One P-Day, (August 17, 2013), Alden and I found ourselves free--really free--to go enjoy a whole P-Day doing something we could choose to do. So, we chose the Open Air Museum in Arnhem. This Museum has been created to preserve the Dutch lifestyle through the centuries. There are homes and farmhouses, stores and factories from the 1600's up and including homes as late as 2000. Rather than tear them down, these homes and other buildings are disassembled and moved to this Open Air Museum. You can travel through the museum on an old tram line from the 50's. It really was a great day.
Here are the pictures of all we saw and what we did--except I didn't take any pictures of President shopping. :)
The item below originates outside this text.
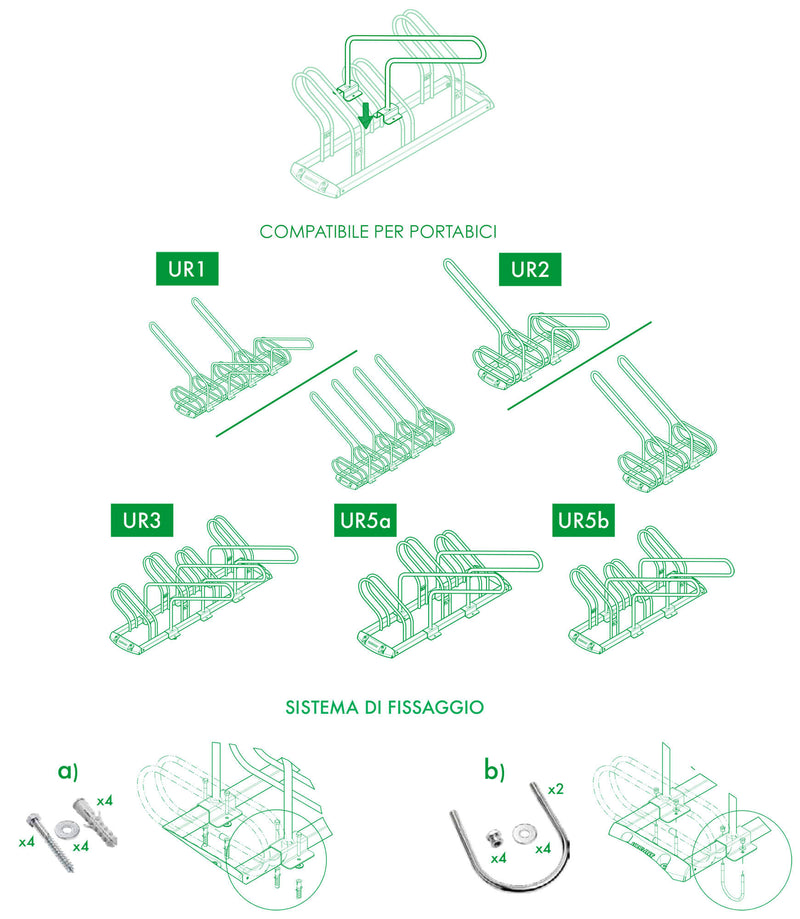 Kit 2 Montanti Aggancio Bicicletta per Portabiciclette Urbany Kit 106-7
The following are pictures of a barn from 1600's and later. The barns were always attached to the house. Literally, you opened the back door of the house and you opened the front door of the barn. I have not idea how they kept the smell of the barn out of the house.
A pig sty inside the barn. The opening goes to the outdoor area
of the pig pen.
The front door of a farmhouse.
The mantle above the fire and cooking area.
Attached barn again.
Hand painted Delf blue tiles have been used a long time.
Even today, people put 'screens' in their windows so any passerby cannot see directly into the house.
A drawbridge over the canal.
Beautiful roof of thatch and tile.
The ever present windmill.
It is fascinating to watch and hear them working.
Narrow Dutch cobblestone street
It was peaceful and nice to spend a day like this with Alden.
The poorer people painted their wood floors, doors and mantels to look like stone.
The only other place I have seen this done is building in Utah build by the pioneers who could not afford marble, but wanted their wood to look like marble.
Even a church.
Well furnished barn.
En kaas and roomboterfabriek
A Cheese and Butter Factory
Just a fun day to see something different. I counted it as a great day with Alden.